As soon as the call comes in with news that a Master’s applicant has been accepted, it’s almost impossible to shake the smile. And then the financial reality hits. Financing an international Master’s education is scary stuff. Where do you start? How will you manage?

Start as soon as possible.

Before doing anything else, compile a realistic budget. You’ll need a target to reach before reaching out to any of the possible financing options out there. Then, tackle the resources listed on university and programme websites. Schools don’t admit students in the hopes they won’t be able to find the money needed to attend. Quite the opposite; financial aid offices go out of their way to ensure that every student can secure the resources they need. Many add your name to lists for financial aid as soon as you accept your seat; you may be offered money you didn’t even know was available. But don’t count on it. Spend time examining every possible scholarship listed on your programme’s website. Yes, every option – no matter how unlikely it seems. Look for the criteria that would exclude you from application before dismissing it.

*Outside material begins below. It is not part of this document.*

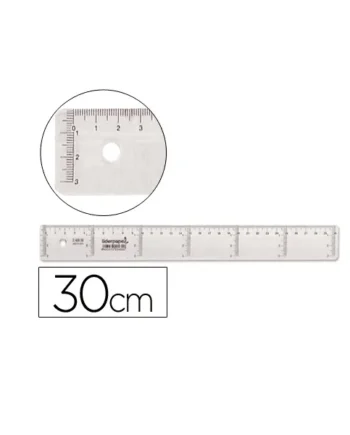 Regla liderpapel plastico cristal Transparente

Your personal finances are bigger than you.

You will need to consider what you can pull personally, from savings to unsecured credit cards. And, whether it’s a norm for you or not, consider your family’s ability to assist. Take a look at your current company. You may want to move on, but many businesses are willing to invest in top talent. Approaching your employers doesn’t mean you must accept an offer; it only allows you an avenue to consider.

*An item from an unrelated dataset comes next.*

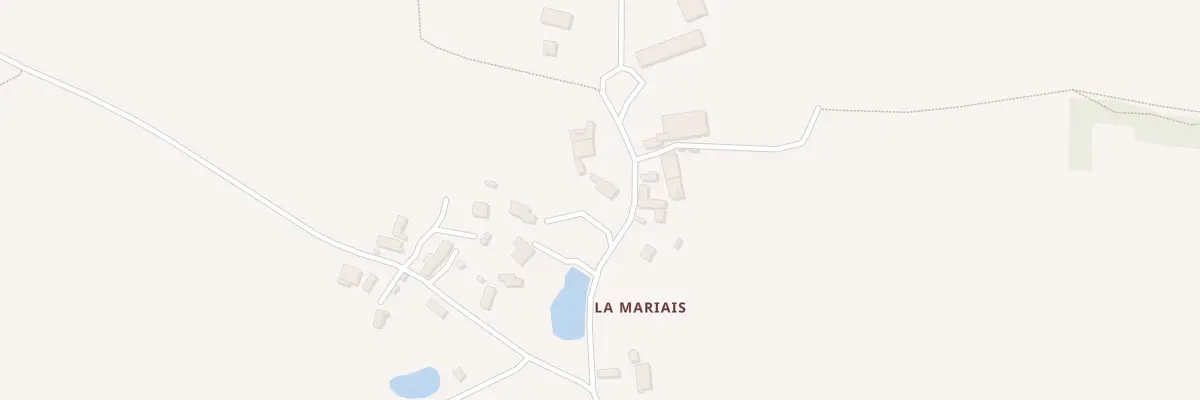 Plan du 5155 La Mariais à Québriac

You’re not alone; most students require loans.

After all of this, you’ll probably look for loans; they’re a reality for most international Master’s students. That shouldn’t be a surprise given the cost of education. Check first for any government-backed loans in your home country before moving on to private lenders. Some countries don’t have these resources, but those that do typically offer the best rates.
 
When looking at bank loans, remember that some banks require collateral and co-signers, although this isn’t a global norm. Local banks are more likely to provide financing than institutions in host countries. Thankfully, some schools will offer to act as a co-signer for their students, and you may find a better loan package through your university. But, don’t accept any loan that creates a shortfall between your expenses and the other money you can source. This may prevent you from taking other financing options (as your credit will be overextended). And, there are other options.
 
Prodigy Finance, for example, offers loans to qualified international students at some of the world’s top universities. The company’s predictive financing model often allows for higher loan amounts than local banks offer. Most students work with a variety of funding sources from scholarships to loans, and you’re likely to be the same. It can be a time-consuming process, but it’s absolutely worth it – just remember that smile that comes with acceptance.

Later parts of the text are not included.